We recently had an ugly fight over the issue and I ended up showing him the mirror. I told him that it is his problem that he does not have friends which is why he does not understand my need to be with my friends, company beyond him. Some breathing space is necessary. I cannot be with him all the time, it is suffocating to spend all my free time with the person I am living with, even if he is a nice man and we love each other. It is frustrating.
His story: I grew up in a conservative family and despite being a boy, I wasn’t allowed to be out with friends. That turned into a habit and my everyday routine was to attend school/ college or work and head straight back home. I love cooking, playing games at home, reading books etc and spending time with my family. My wife is a social person and she has many friends. Her meeting them is not an issue with me but it is the frequency that bothers me. She is out with them every weekend and sometimes weekdays too. Initially I tried not to intervene but when she started going out too often, I told her that’s not how our marriage will work and it ended up in a heated exchange of words. I am confused as to how I should approach the situation.

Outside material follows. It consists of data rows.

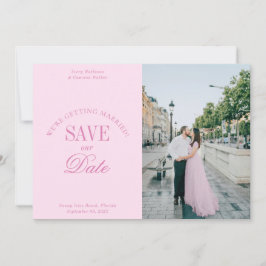 Classy Pastel Pink Elegant Save the Date Card セーブザデート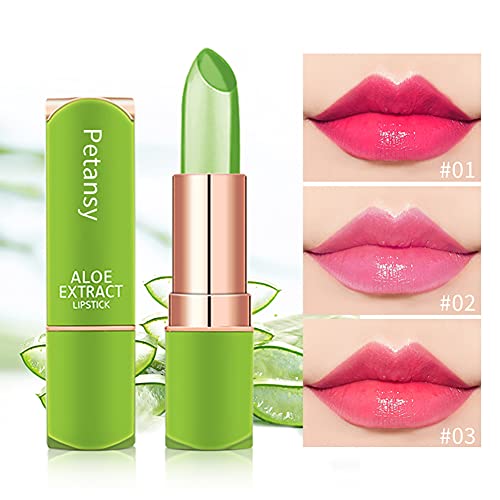 4 Colors Aloe Vera Long Lasting Moisturizing Jelly Temperature Change Lipstick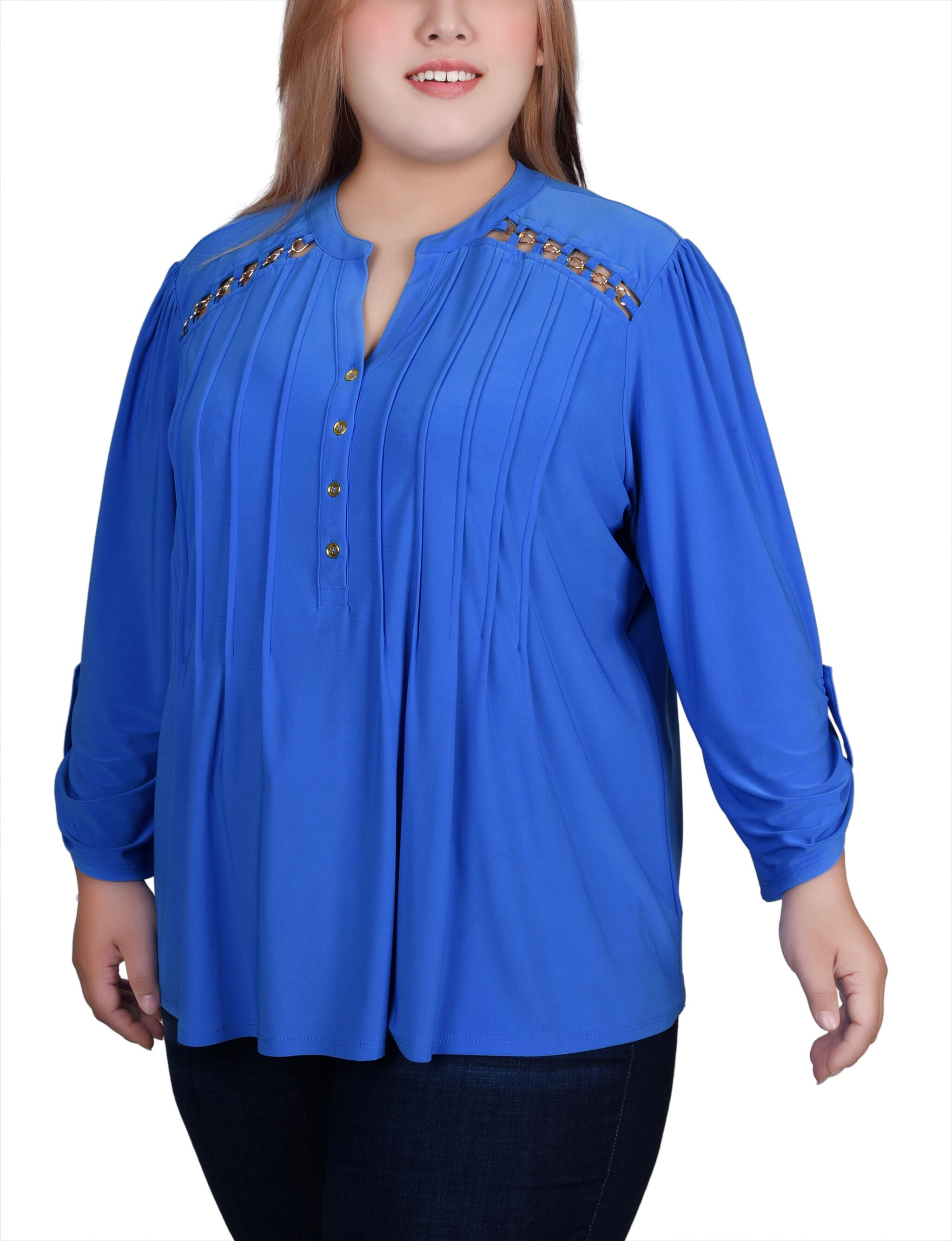 Long Sleeve Pintuck Front Top With Chain Details, Supersonic / blue, alternate image number 3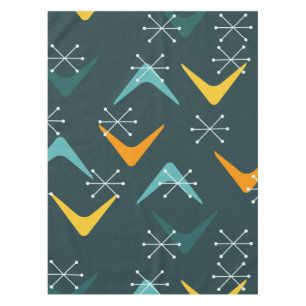 Mid Century Boomerangs Starbursts Teal Tablecloth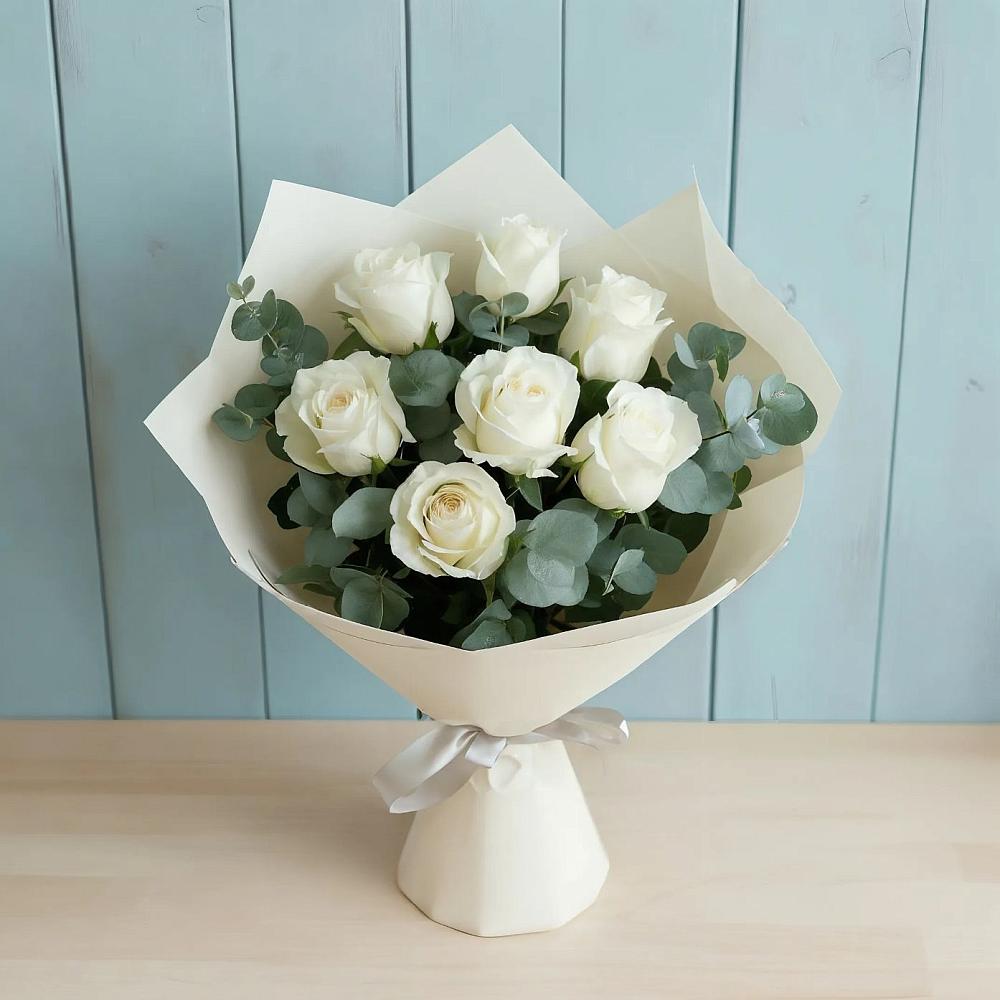 Букет Белые розы в Эвкалипте в Чистеньком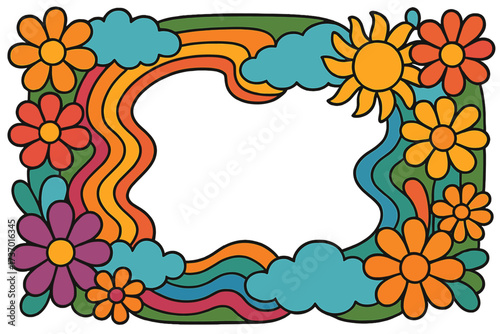 Groovy psychedelic flower power frame with retro flowers, rainbow, clouds and sun. Hippie 1970s abstract art banner background. Funny floral cartoon vector contour illustration.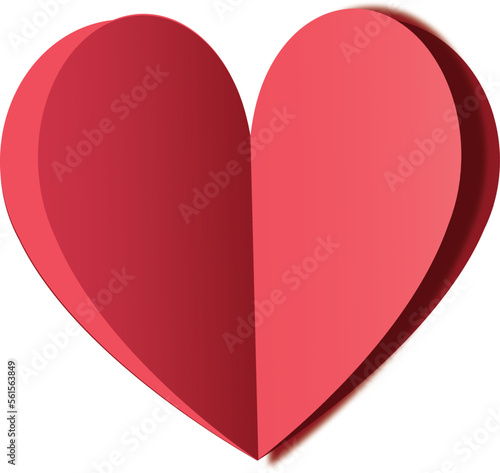 Valentine's day rose pink and red gradient paper hearts set. origami vector
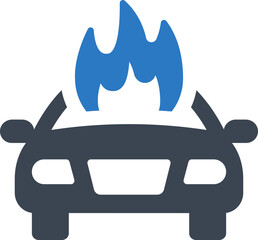 Sticker - Car fire insurance icon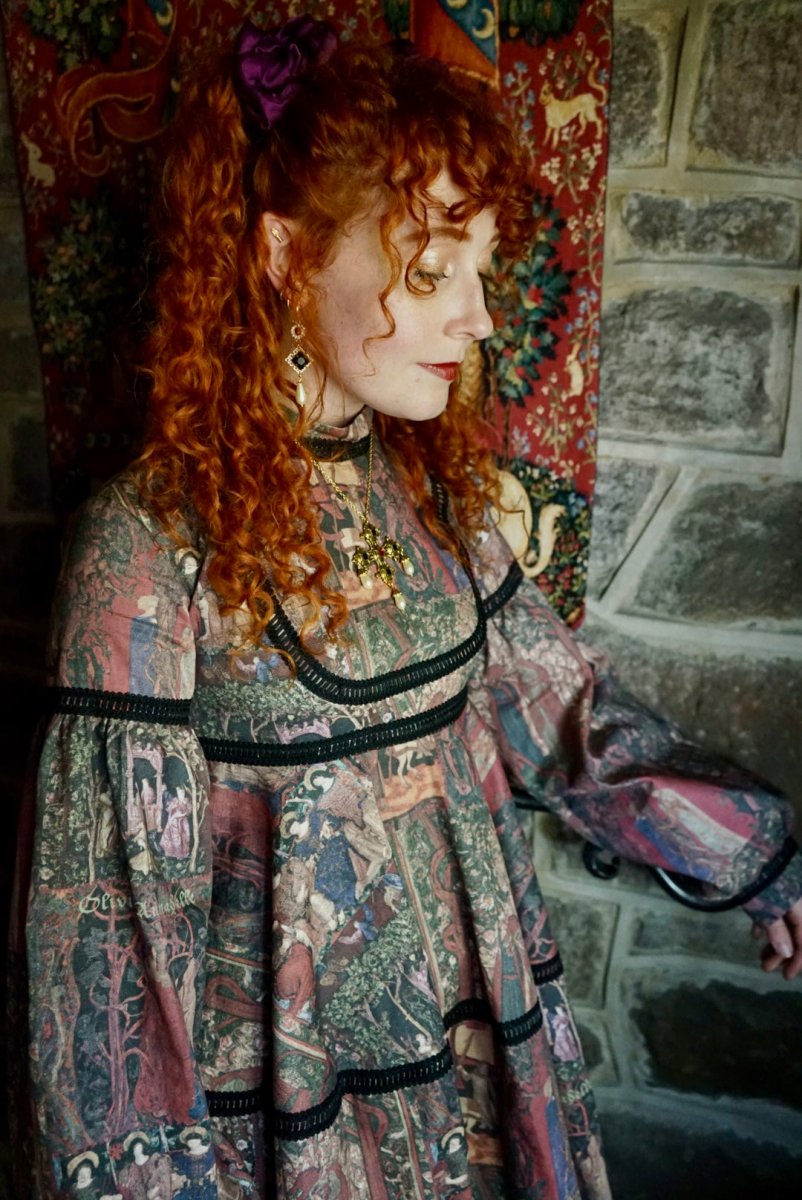 Elvina Dress in Rossetti Tapestry Print - Olivia Annabelle - #original_value - #medieval - #historical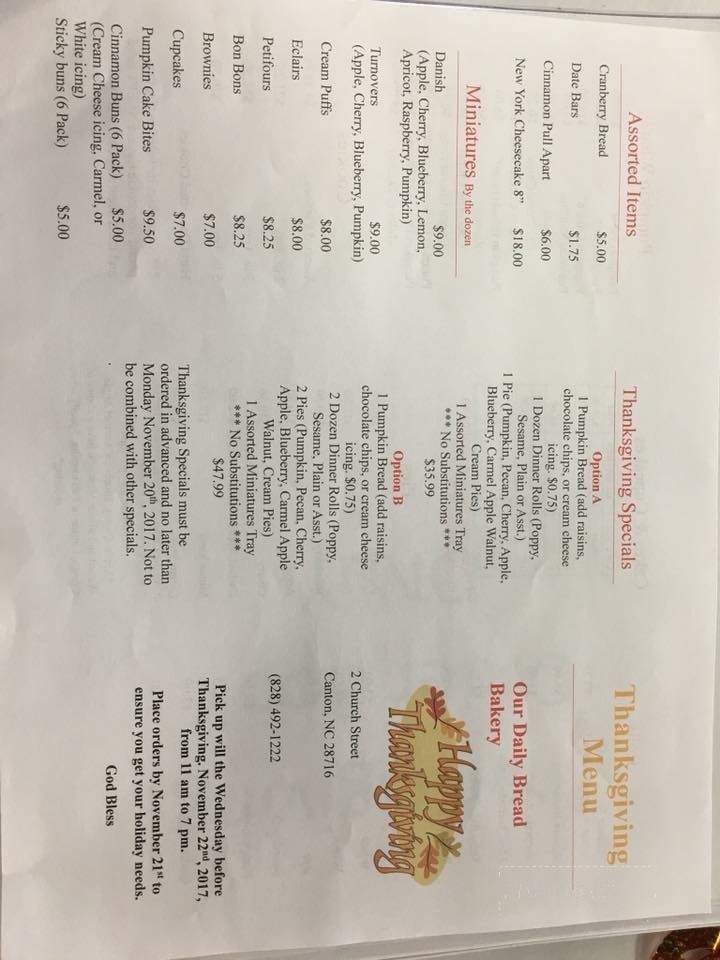 Our Daily Bread Bakery - Canton, NC menu_pic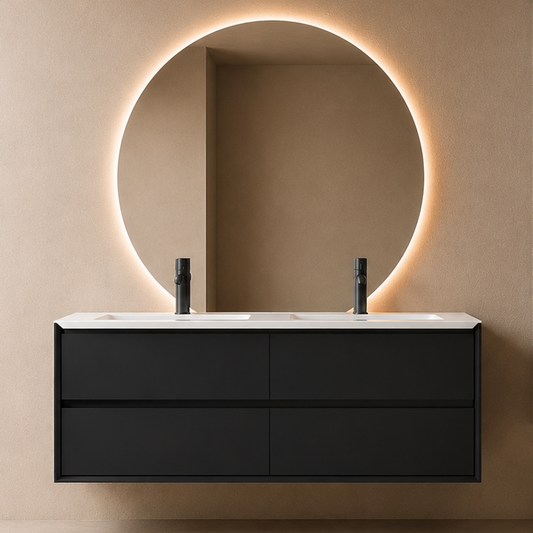 Oslo baderomsmøbel sort matt 150 cm m/hvit matt servant & neptun ledspeil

Expert advice by Jigyasa Uniyal, Love coach: Isn't it an individual's choice to have friends or not? In my opinion, you shouldn't be worried if your husband doesn't have friends because it is his personal choice and you should respect it. Try to talk to him (if he is comfortable) about the reasons for not having friends. After hearing him out, take a call if the reasons are genuine or there is something fishy about him. If the reasons are genuine, you can try being his best friend without intervening in his privacy. But, if you sense something fishy, keep a close eye on his behaviour and daily activities.
Ajit Panicker, Life Coach Love & Relationship: A little dig into his history will do. With some people, it is that they don't want pushy, controllers in their life. Majorly there are two reasons for this - temperament and insecurity. Maybe your husband is shy and an introvert by nature. He doesn't want to open up easily. That might be the reason for having no friends. Another is insecurity and lack of trust, which is again a big reason for fewer or no friends.
Communication is the key. It is better to speak and find out whether he has some psychological issues. Something which is because of a traumatic past. Maybe friendships that resulted in disaster. As we humans are considered social, friends are an integral part of our lives. It is better to speak with friends, share your agonies and fix the issue by taking their help. Also, for maintaining friendships, time management is important. It is that key that if properly used can make and keep the relationships happy and going. You have to spare time for them and let people come to your home and become an integral part of your bigger family. Occasional gatherings, meeting friends and partying is extremely important as it helps you relieve stress.